DI = 4 #out of control set to default of 4 standard deviations (akin to setting Target value)
Shift = 3 # C=(delta*sigma)/2, where delta*sigma = Shift
for (i in 1:ncol(df3)){#looping over years
  CUSUMmodels[[i]] <- cusum(df3[,i], center=temp.mean$TEMP[i], std.dev = temp.sd$TEMP[i], decision.interval=DI, se.shift=Shift , plot = TRUE)
  CUSUMviolations[[i]] <- CUSUMmodels[[i]]$violations$lower#This is index where lowest temp (violations) occur in the group
}

  • Based on above T and C:

Year 1997,1998,2000,2001,2002,2004,2005,2006,2007,2008,2009,2012 & 2013 had low Temp violations

#looking for minimum temp values and when it occurs
no.violations<-13 #from CUSUM plots above
CUSUMlowest <- vector(mode="list", length=no.violations) 
#Years (by groups) with violations. For ex: 2=1997, 3=year 1998 etc. from above loop
x<- c(2,3,5,6,7,9,10,11,12,13,14,17,18)
for (i in x){
  CUSUMlowest[i] <- min(CUSUMviolations[[i]])
}
unlist(CUSUMlowest)#index or when the lowest temp occurred; the higher means the closer to Oct
##  [1] 120 116 102 120 117 108 117 117 121 119 110 122 117
  • Identifying Lowest Temp days from its correspondent index
#Finding out what the index of low temperatures are in terms of actual days of the month
lowtemp.c<-c(120,116,102,120,117,108,121,119,110,122)
df.reconnect<- df1 %>% mutate(Low.Temp.Index = row_number()) %>% select("DAY","Low.Temp.Index") 
df.lowtemp.days<- slice(df.reconnect, lowtemp.c)
#Days when temperature were lowest
df.lowtemp.days

Observation3:

Based on default T=4 and Shift or C-value of 1.5 sigma, we discovered 13 years were in low temperature violations. These violations happened in the later part of summer. By the same token, it was discovered most of the lowest temperatures occurred in the later half of October. Based on this data set and our guesstimated T and C values; our unofficial summer ends in the last week of October


Problem 6.2.2

  • Rerun the CUCUM again:
  1. Using only “end of summer” days from above

  2. Tighten up T=1 and C=0.5 Sigma because we didn’t break any hi temp violations from our first run (see above)

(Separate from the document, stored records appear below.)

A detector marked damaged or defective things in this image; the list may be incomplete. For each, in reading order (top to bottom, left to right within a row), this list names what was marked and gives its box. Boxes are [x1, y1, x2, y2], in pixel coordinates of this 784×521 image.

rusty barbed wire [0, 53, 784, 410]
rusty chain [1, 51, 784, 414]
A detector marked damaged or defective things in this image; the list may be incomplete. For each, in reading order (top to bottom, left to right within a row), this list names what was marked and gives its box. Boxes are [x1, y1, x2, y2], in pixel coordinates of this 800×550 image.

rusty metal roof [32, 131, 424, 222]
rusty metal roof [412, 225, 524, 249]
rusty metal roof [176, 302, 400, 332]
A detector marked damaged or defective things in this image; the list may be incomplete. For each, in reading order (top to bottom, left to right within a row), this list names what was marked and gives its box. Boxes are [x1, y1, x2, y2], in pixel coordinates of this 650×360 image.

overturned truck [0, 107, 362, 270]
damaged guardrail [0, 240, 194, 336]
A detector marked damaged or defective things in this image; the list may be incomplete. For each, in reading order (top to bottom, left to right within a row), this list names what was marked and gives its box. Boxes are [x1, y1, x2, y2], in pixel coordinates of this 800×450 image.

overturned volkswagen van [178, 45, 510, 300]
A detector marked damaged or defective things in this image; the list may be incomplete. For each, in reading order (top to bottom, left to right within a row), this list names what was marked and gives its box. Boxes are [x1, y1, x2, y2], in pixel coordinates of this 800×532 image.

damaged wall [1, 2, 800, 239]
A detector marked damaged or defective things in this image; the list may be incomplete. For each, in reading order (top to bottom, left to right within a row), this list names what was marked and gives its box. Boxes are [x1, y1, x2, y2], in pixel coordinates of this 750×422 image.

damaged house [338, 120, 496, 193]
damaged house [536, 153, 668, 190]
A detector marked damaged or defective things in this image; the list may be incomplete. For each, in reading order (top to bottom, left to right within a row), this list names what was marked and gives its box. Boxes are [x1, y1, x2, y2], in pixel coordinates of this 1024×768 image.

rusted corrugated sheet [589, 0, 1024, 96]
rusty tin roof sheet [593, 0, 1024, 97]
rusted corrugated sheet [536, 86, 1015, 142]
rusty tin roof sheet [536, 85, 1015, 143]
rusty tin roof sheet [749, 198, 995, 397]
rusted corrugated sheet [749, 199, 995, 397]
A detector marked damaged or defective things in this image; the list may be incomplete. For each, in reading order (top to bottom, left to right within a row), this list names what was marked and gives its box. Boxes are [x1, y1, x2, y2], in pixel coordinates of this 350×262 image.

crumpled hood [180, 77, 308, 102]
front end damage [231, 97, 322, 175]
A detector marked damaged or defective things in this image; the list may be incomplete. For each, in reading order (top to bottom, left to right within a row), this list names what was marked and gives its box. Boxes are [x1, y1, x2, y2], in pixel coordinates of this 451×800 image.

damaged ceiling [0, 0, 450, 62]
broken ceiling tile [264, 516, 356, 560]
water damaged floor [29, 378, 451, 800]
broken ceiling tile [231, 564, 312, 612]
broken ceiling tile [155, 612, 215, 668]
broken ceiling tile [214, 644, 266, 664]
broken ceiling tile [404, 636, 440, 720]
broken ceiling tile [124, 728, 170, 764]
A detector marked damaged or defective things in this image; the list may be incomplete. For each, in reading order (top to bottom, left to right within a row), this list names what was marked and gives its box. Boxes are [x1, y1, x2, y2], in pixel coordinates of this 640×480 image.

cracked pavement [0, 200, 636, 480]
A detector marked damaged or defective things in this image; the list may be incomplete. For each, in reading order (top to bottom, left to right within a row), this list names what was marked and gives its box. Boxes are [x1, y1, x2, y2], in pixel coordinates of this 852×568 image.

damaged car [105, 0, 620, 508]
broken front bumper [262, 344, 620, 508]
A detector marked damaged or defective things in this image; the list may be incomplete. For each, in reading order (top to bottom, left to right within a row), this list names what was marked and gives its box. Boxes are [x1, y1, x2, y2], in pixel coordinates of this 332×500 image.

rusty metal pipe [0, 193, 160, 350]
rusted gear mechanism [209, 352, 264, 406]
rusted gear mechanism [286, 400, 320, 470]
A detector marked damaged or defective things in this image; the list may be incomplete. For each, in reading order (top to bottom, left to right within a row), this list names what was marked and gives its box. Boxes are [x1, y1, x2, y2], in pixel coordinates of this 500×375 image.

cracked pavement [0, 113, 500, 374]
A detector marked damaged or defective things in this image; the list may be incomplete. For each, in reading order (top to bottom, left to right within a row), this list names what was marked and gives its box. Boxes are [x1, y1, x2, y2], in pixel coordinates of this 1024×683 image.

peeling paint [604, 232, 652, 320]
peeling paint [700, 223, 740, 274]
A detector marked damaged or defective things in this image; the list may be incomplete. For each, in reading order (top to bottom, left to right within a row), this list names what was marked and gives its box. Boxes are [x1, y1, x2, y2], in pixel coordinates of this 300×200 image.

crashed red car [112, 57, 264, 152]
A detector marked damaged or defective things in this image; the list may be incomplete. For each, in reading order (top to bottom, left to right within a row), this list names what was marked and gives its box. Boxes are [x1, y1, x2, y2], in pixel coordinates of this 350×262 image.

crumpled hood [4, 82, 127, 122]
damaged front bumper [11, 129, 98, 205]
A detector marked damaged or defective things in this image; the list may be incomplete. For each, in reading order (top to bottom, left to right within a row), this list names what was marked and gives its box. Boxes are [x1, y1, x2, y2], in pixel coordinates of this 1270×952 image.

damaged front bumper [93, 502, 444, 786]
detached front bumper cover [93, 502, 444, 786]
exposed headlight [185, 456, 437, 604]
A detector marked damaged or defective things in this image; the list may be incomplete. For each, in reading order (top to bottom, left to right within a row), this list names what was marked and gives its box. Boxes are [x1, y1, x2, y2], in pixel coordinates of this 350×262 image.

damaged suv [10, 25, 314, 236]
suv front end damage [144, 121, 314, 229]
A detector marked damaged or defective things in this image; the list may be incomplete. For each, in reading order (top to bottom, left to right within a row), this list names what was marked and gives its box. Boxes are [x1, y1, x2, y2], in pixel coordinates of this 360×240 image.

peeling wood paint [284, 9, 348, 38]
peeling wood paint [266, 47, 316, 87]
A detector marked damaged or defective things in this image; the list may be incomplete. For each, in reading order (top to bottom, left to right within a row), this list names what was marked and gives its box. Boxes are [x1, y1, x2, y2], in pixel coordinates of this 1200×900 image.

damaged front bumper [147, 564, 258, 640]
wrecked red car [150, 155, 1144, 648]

  3. Also, our time period of analysis is much shorter now; range from 10-Oct thru 30-Oct

# Run the CUSUM function using only low temp days from above analysis
avg.day <- mean(unlist(CUSUMlowest))
sd.day <- sd(unlist(CUSUMlowest))
DI.day = 1
Shift.day = 1 
CUSUMmodel_day <- cusum(unlist(CUSUMlowest), center=avg.day, std.dev = sd.day , decision.interval=DI.day, se.shift=Shift.day, plot = TRUE)


  • Did not detect any high temperature violations, so had to lower the bandwidth
  1. T is lowered to 0.5 sigma

  2. C is lowered to 0.25 sigma

DI.day = 1/2
Shift.day = 1/2
CUSUMmodel_day <- cusum(unlist(CUSUMlowest), center=avg.day, std.dev = sd.day , decision.interval=DI.day, se.shift=Shift.day, plot = TRUE)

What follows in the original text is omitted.